You are viewing a plain text version of this content. The canonical link for it is here.
Posted to dev@samza.apache.org by John Dennison <de...@gmail.com> on 2016/02/10 20:20:37 UTC

Zombie writers protection

Greetings,

I have general design question i did not see addressed in the docs.
Basically how does samza guarantee a single writer for each changelog
partition. Because of strong ordering assumption of these changelog, how do
you protect against zombie processes writing to the changelog with out of
date values.

Thanks,

John

Re: Zombie writers protection

Posted by Yi Pan <ni...@gmail.com>.
Hi, Rick and John,

Thanks for the great discussion! As Jacob said, we realized the possible
drawbacks relying solely on YARN for process liveness detection as well and
that's why SAMZA-871 was opened. Please help to comment on the JIRA so that
we can track the discussion and move the design process forward.

Thanks a lot!

-Yi

On Wed, Feb 10, 2016 at 2:10 PM, Rick Mangi <ri...@chartbeat.com> wrote:

> Jake, Not my question, I was just adding my 2 cents :)
>
> John, it’s not that yarn is responsible for maintaining 1 instance of each
> container, samza has an abstract management layer that defers this to yarn,
> but some people bypass yarn all together and manage their containers
> themselves or run on things like mesos.
>
> For your purposes though, if you are using yarn, then yes this is yarn’s
> job.
>
> The case I ran into was with cloudera’s distro of yarn with an older
> version of ubuntu and yarn. I haven’t seen zombies since moving to the
> latest yarn distro.
>
>
>
> > On Feb 10, 2016, at 4:44 PM, Jacob Maes <ja...@gmail.com> wrote:
> >
> > Hey Rick,
> >
> > If I understand your question, the goal is really to make sure there are
> no
> > orphaned containers that continue to run "off the books".
> >
> > The newly added SAMZA-871 describes a heart beat mechanism to make sure
> > orphaned containers actually get killed.
> >
> > Also, the YARN Node Manager Restart capability might help.
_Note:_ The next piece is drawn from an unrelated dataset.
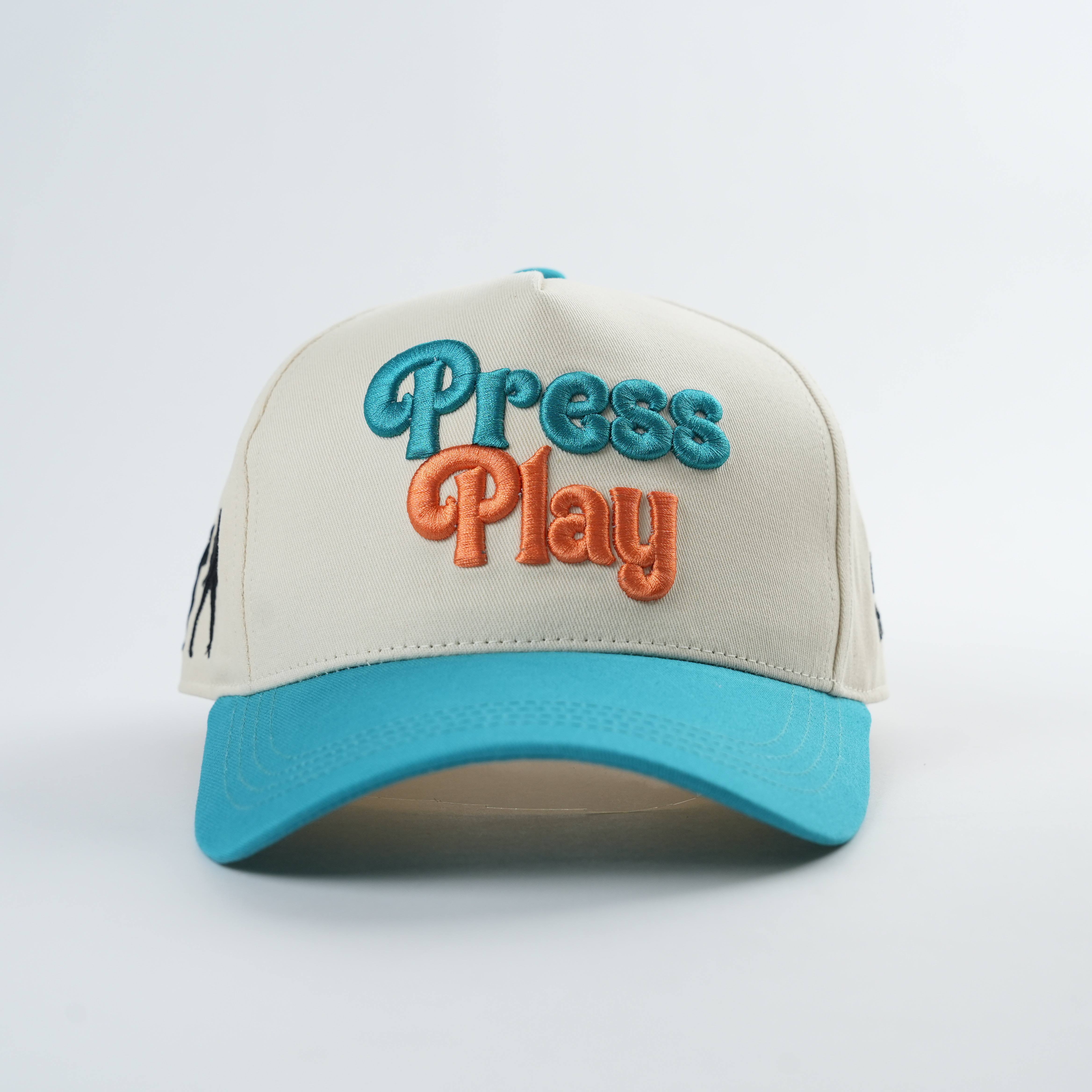 Beige and Turquoise Two-Tone 5-Panel Baseball Caps with Press Play Embroidery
We're in the
> > process of testing this at LinkedIn:
> >
> https://hadoop.apache.org/docs/current/hadoop-yarn/hadoop-yarn-site/NodeManagerRestart.html
> >
> > -Jake
> >
> > On Wed, Feb 10, 2016 at 1:42 PM, John Dennison <de...@gmail.com>
> > wrote:
> >
> >> To second Rick's point. Its less about malicious actors, but rather
> >> containers thought to be lost due to a network partition popping up
> later
> >> and starting to write to the change log. I assume from Rick's response
> that
> >> yarn is responsible for ensure only one version of each container is
> >> running and samza has nothing internal to deal with this.
> >>
> >> I guess you could hijack kafka's auth framework to block old zombie
> >> containers from writing. Use some global lock's incrementing token as
> the
> >> password. A zombie process would auth with an old token and be denied. I
> >> haven't looked but i imagine that 0.9.0 auth framework isn't done on a
> >> partition level.
> >>
> >> On Wed, Feb 10, 2016 at 2:27 PM, Rick Mangi <ri...@chartbeat.com> wrote:
> >>
> >>> Security wouldn’t stop zombie processes from writing to kafka. I had
> this
> >>> problem with yarn before where the container thought it was killing
> jobs
> >>> but they never actually died, and in fact continued to write to kafka.
> >>>
> >>>
> >>>> On Feb 10, 2016, at 4:23 PM, Jagadish Venkatraman <
> >>> jagadish1989@gmail.com> wrote:
> >>>>
> >>>> Hi John
> >>>>
> >>>> Currently there is no authorization on who writes to Kafka. There is a
> >>>> Kafka security proposal that the kafka community is working on.
> >>>> https://cwiki.apache.org/confluence/display/KAFKA/Security
> >>>>
> >>>> Building this into Samza may entail expensive coordination (to prevent
> >>>> other jobs). Since, jobs are usually run in a trusted environment,
> I've
> >>> not
> >>>> seen people requesting this use-case. Even if we did build this into
> >>> Samza,
> >>>> nothing stops people from writing to that Kafka topic by bypassing
> >> Samza
> >>>> completely. (thro' the kafka producer or external library)
> >>>>
> >>>> I'd think Kafka would build support for authorization, principals,
> >> roles
> >>>> etc. in the future and Samza can leverage it once it's done.
> >>>>
> >>>> Thoughts?
> >>>>
> >>>> On Wednesday, February 10, 2016, John Dennison <
> >> dennison.john@gmail.com>
> >>>> wrote:
> >>>>
> >>>>> Greetings,
> >>>>>
> >>>>> I have general design question i did not see addressed in the docs.
> >>>>> Basically how does samza guarantee a single writer for each changelog
> >>>>> partition. Because of strong ordering assumption of these changelog,
> >>> how do
> >>>>> you protect against zombie processes writing to the changelog with
> out
> >>> of
> >>>>> date values.
> >>>>>
> >>>>> Thanks,
> >>>>>
> >>>>> John
> >>>>>
> >>>
> >>>
> >>
>
>

Re: Zombie writers protection

Posted by Rick Mangi <ri...@chartbeat.com>.
Jake, Not my question, I was just adding my 2 cents :)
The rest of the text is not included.